One of the key difficulties in a federation is coordinating experiments which span multiple federates. We call this the stitching problem. The difficulty with stitching is that depending on what kind of connection is used by the federates, multiple parties must agree on configuration or resource reservations before they have all of the information about the final resource allocation.

Types of Stitching

The simplest form of stitching consists of federates each having access to a common network with no particular tunneling arrangement. If two component managers both have access to the commodity Internet, for instance, then the resources on those component managers can be allocated independently without direct coordination. For this to work, the client need only be able to determine whether or not a particular node has access to the network. This information can be provided in the advertisement via a special node which represents the commodity Internet (or some other network such as Internet 2), and a link from particular PCs to that special node.

A more complicated form of stitching is the creation of tunnels. These are links created as an overlay on top of an existing network. From a coordination perspective, one key aspect of tunnels is that they only require configuration at their endpoints and therefore only require coordination between pairs of component managers which are setting them up. The intervening network requires no special configuration. In a tunnel, the coordination usually consists of exchanging information about the endpoints. In a GRE tunnel, this may just be the public IP address of the other side; for VPNs, this may involve key exchange as well.

The limitation this imposes is that one component manager may be required to create a sliver before a request has been made of the other side. Our current implementation requires both slivers to exist and then the tunnel is created during update requests. This is a rather cumbersome workaround and we plan to implement a more graceful solution similar to the multi-party VLAN negotiation described below.

The most general and difficult form of stitching consists of links or LANs which can span any number of Component Managers simultaneously.

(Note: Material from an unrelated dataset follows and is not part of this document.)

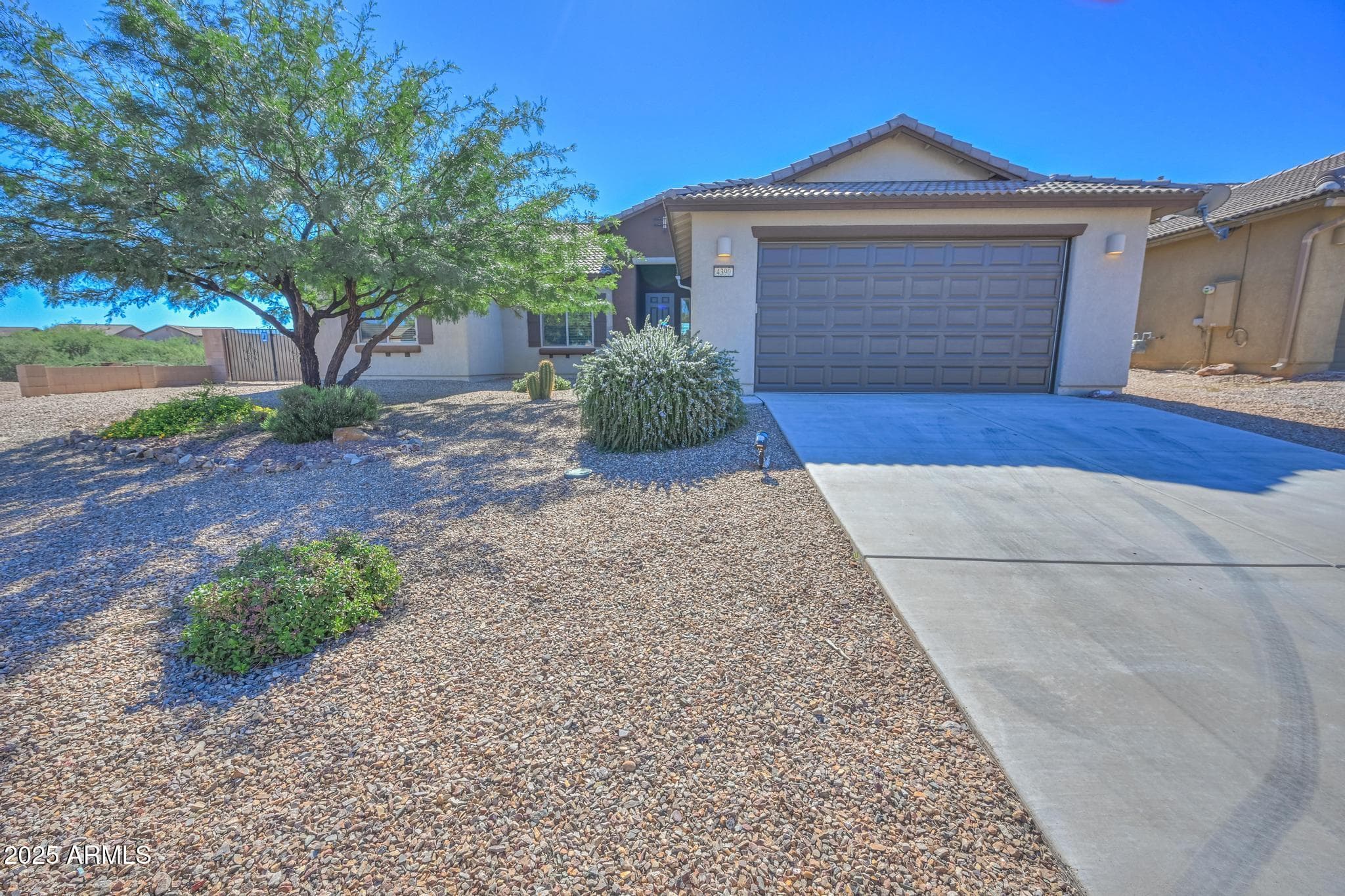 4390 Christopher Dr — photo 2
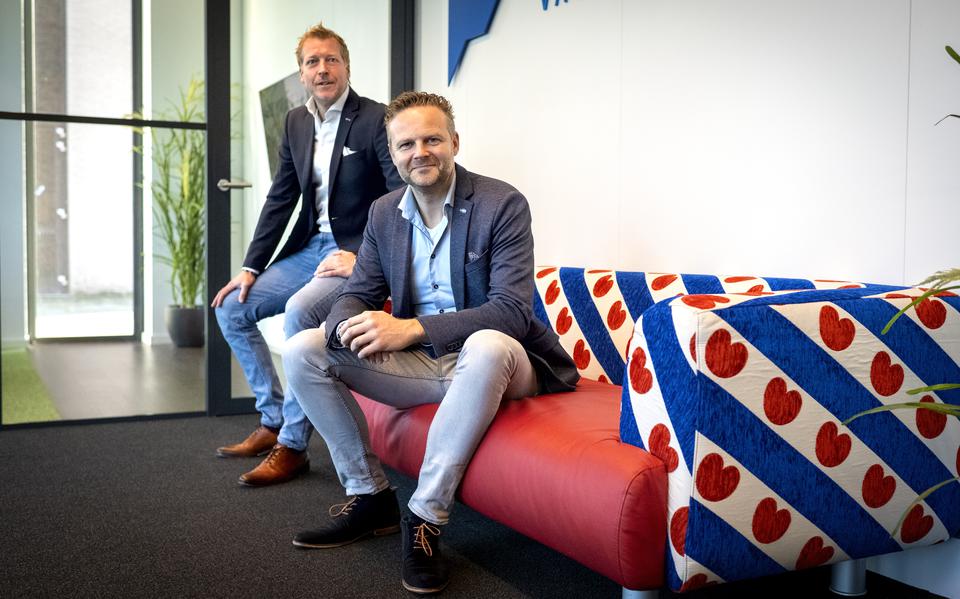 Erik de Jong en Peter Paulides (rechts) van vastgoedadviseur Provier in Heerenveen.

Concretely, we are most concerned with Ethernet VLANs which can join more than two endpoints and which can span zero or more backbone Component Managers which do not contain any endpoint nodes. In addition, unless VLAN translation is supported in backbone routers, a single VLAN number must be agreed upon and reserved by all Component Managers involved.

Stitching Strategies

There are therefore three important problems to be solved here. First, negotiation must be done with incomplete information about the topology when some participants have not yet been contacted by the client. Second, the negotiation can span more than two component managers. Third, the negotiation involves a limited resource that must be agreed to and reserved by all parties rather than merely exchanging local parameters. These problems must all be solved in the context of federation where each party remains autonomous with local policies determined by different administrators.

We have designed a solution to these problems, and are currently working on implementing this design. In our general API model, we have three different phases which correspond to instantiating a sliver. The client calls GetTicket to reserve a set of resources to a slice, then RedeemTicket to acquire those resources, and finally StartSliver to set up those resources so they are ready for use. Some aspects of starting a sliver, such as physically imaging and booting a node, may take a long time. This means that StartSliver runs asynchronously and the user may poll using SliverStatus to determine when their sliver has completed setup.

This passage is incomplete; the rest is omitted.